---------- RECORD EXCERPTS

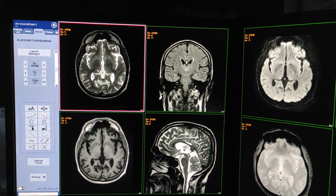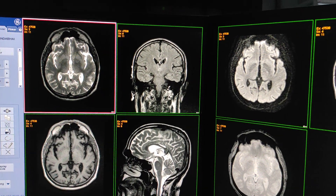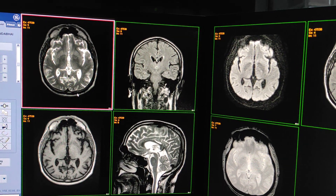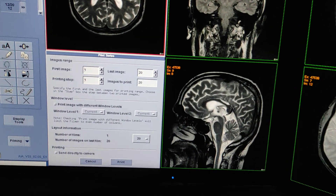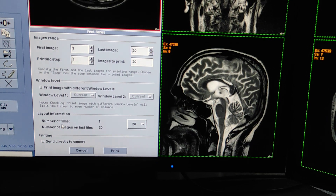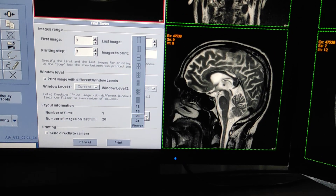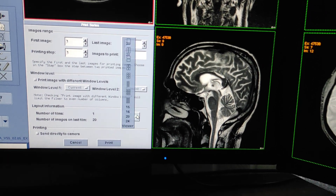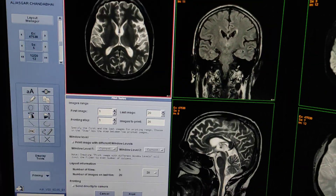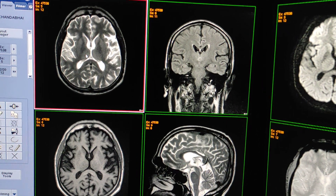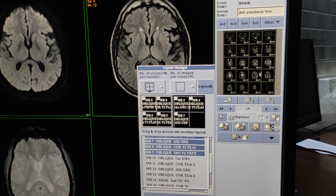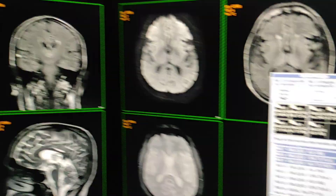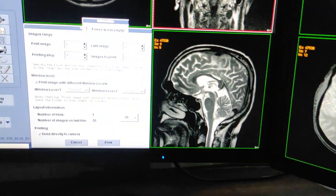For the first big film, you have to give XL T2 and XL FLAIR together — both sequences need big images. Click on the XL T2 box and press F4. This interface will open where you can select the number of films and number of images. The last film has 20 images, so select 20. It will automatically take a format of 20. Click on Excel, then F4, and click print. The 20 images will go in a direct format of 20. Again, click on coronal FLAIR, press F4, then print.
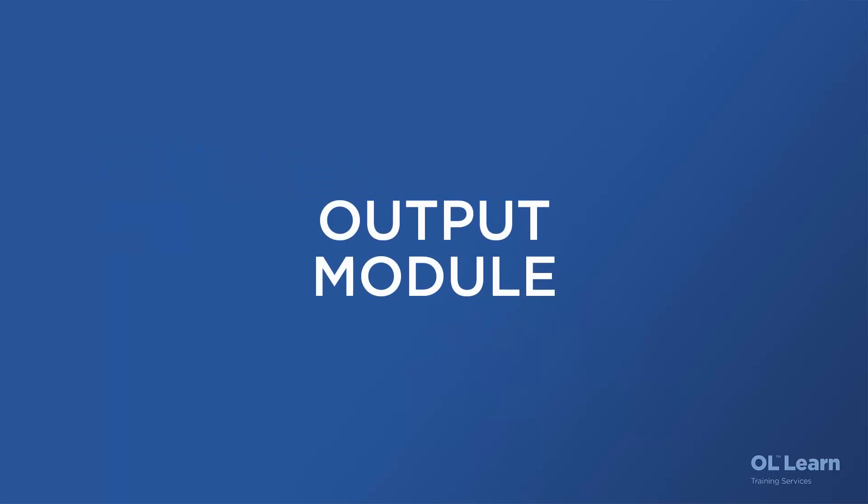Now, let's talk about the output module. The output module is basically two-part.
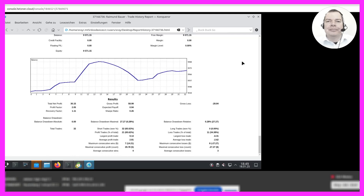Based on the numbers you see on the chart right now, what would you say? Based on the numbers provided, the system appears to be profitable, with a total net profit of 30.15, a profit factor of 2.05, and a recovery factor of 1.11. The balance also shows a clear uptrend.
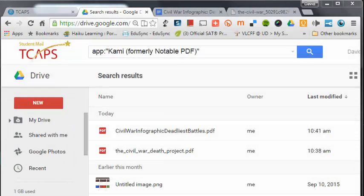One of the great tools available within the Google Drive Suite is an add-on called Kami — K-A-M-I. It used to be known as Notable PDF. Kami allows you to interact with PDFs, have students leave comments, and do some other interactive things with documents, and I'm going to demonstrate that today.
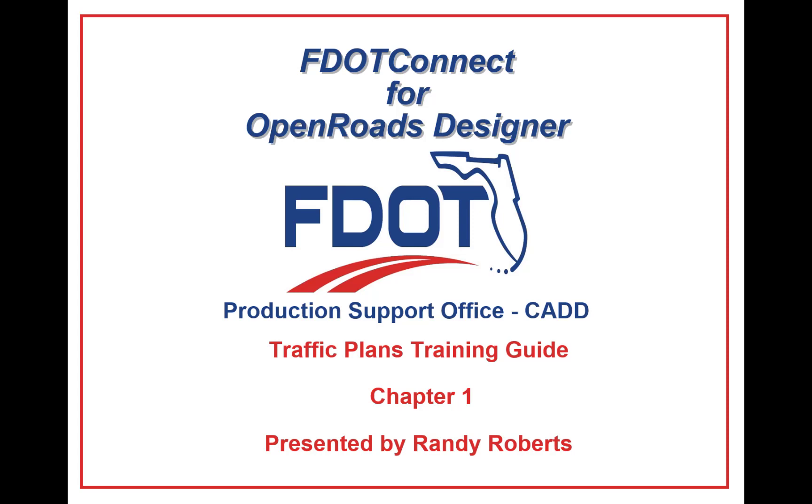Welcome to the CAD Office Training Guide Series for FDOT Connect. I am Randy Roberts, CAD Application Support Specialist 4, and today I will be going through the FDOT Connect Traffic Plans Course Guide.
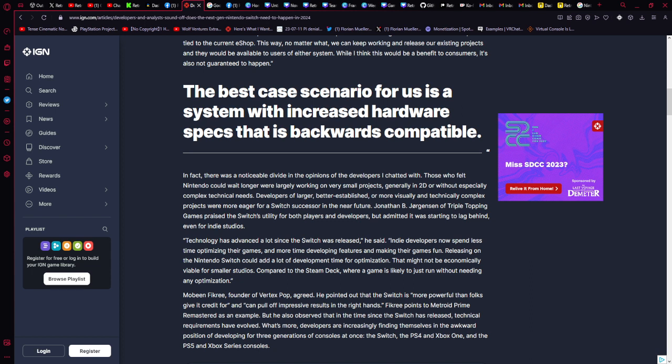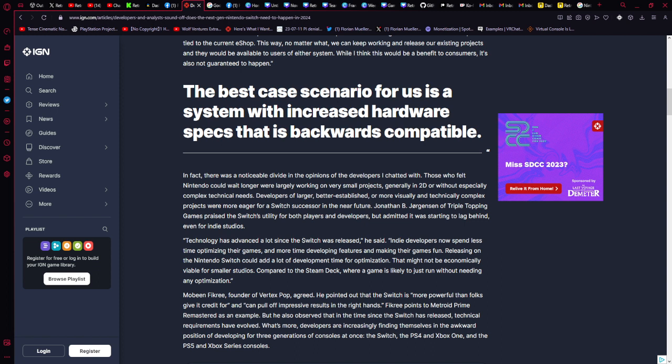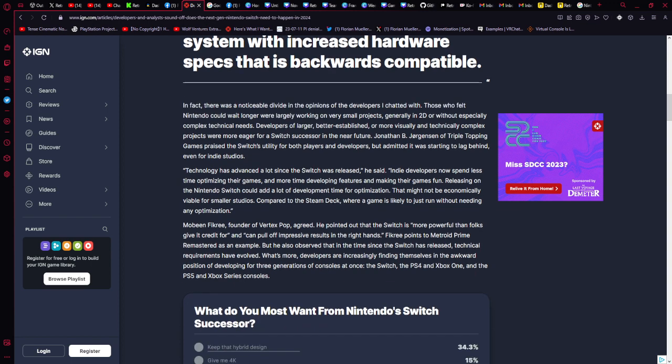Morbin Vickrey, founder of Vertex Pop, agreed. He pointed out that the Switch is more powerful than folks give it credit for and can pull off impressive results in the right hands. Vickrey points to Metroid Prime Remastered as an example. But he also observed that in the times since the Switch had been released, technical requirements have evolved. What's more, developers are increasingly finding themselves in the awkward position of developing for three generations of consoles at once: the Switch, the PS4, the Xbox One, the PS5, and Xbox Series consoles.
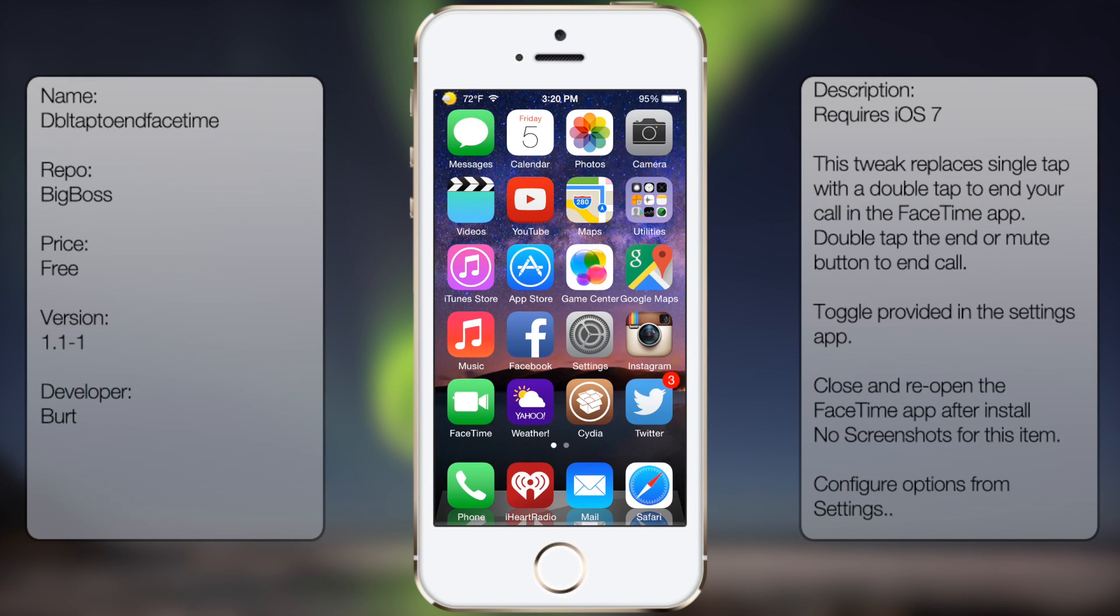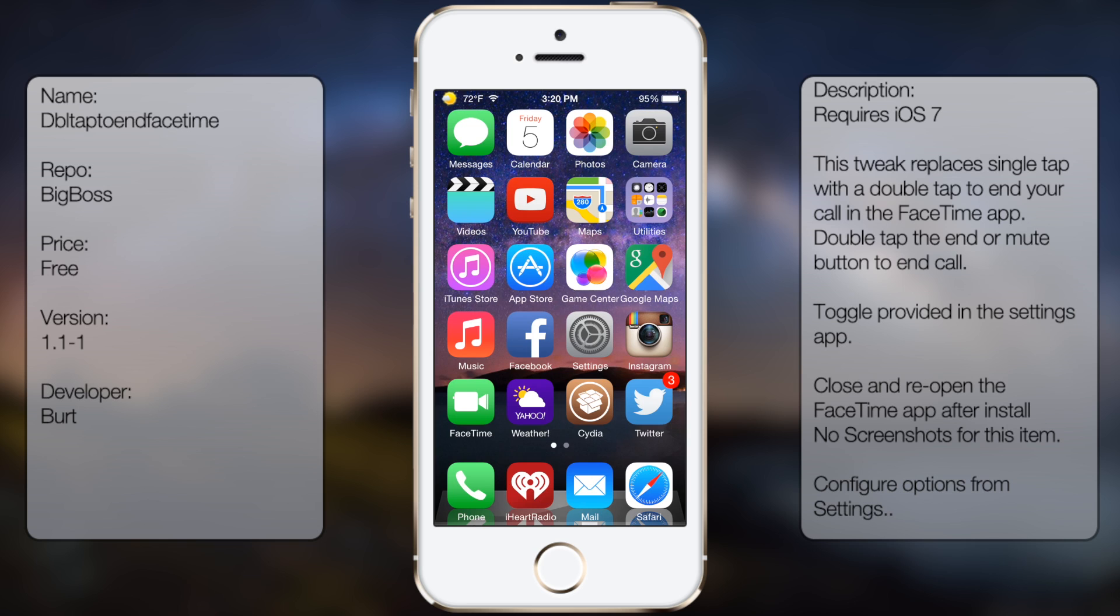What's up guys, in this video I'll be talking about Double Tap to End FaceTime. This tweak allows you to end your FaceTime calls by double tapping the end call button. This prevents you from accidentally tapping the red end call button by mistake. I'm going to show you an example.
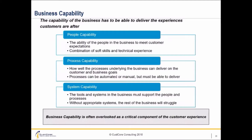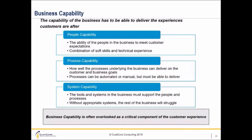Process capability is how well the processes in the company support the actual delivery of customer and business goals, and support the people to do what they need to do. Processes can be automated or manual, but they have to be able to do what has been designed. The order of these is laid out on purpose, because the process supports the people, and the system supports the process and the people.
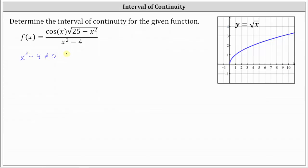There's also a second condition dealing with the square root function. Looking at the basic square root function, the domain is x greater than or equal to zero, meaning the number under the square root can't be negative, because if it was, it would be an imaginary number, not a real number. So going back to our function, the second condition is that 25 minus x squared must be greater than or equal to zero.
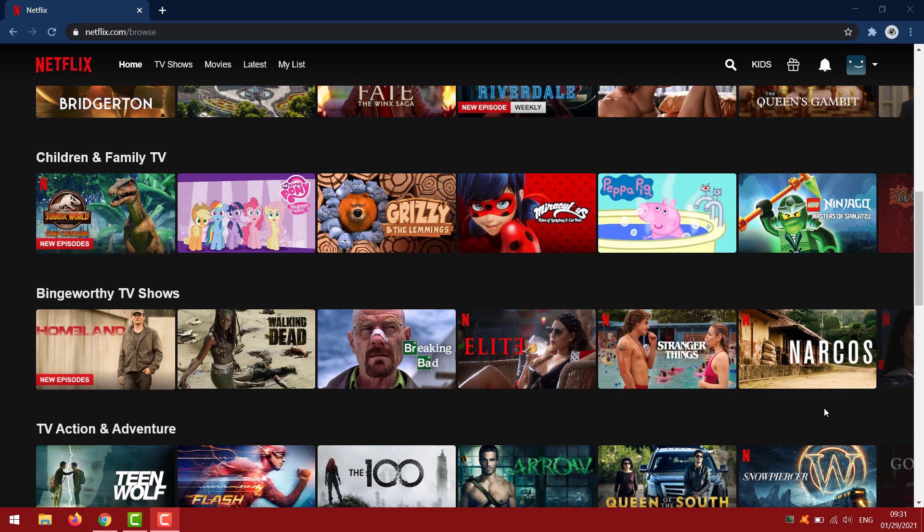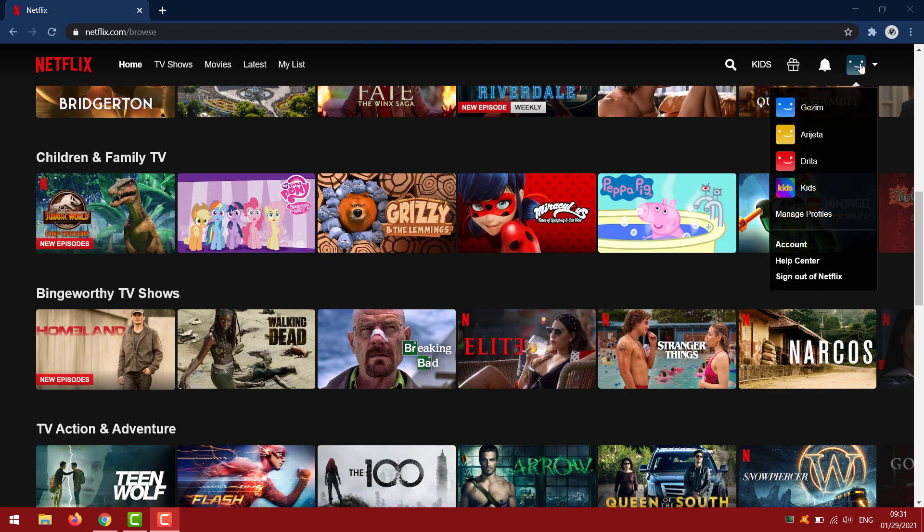So just keep watching and you should be able to do this. You want to go to Netflix and sign into your account, then go to the top right corner and click on account.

--------------------

[WORK TO BE COMPLETED] Could you repeat exactly the lines from the one containing "Process capability is" through the last line of the records, both included, without the pictures?

[WRITTEN ANSWER]
Process capability is how well the processes in the company support the actual delivery of customer and business goals, and support the people to do what they need to do. Processes can be automated or manual, but they have to be able to do what has been designed. The order of these is laid out on purpose, because the process supports the people, and the system supports the process and the people.
There's also a second condition dealing with the square root function. Looking at the basic square root function, the domain is x greater than or equal to zero, meaning the number under the square root can't be negative, because if it was, it would be an imaginary number, not a real number. So going back to our function, the second condition is that 25 minus x squared must be greater than or equal to zero.
So just keep watching and you should be able to do this. You want to go to Netflix and sign into your account, then go to the top right corner and click on account.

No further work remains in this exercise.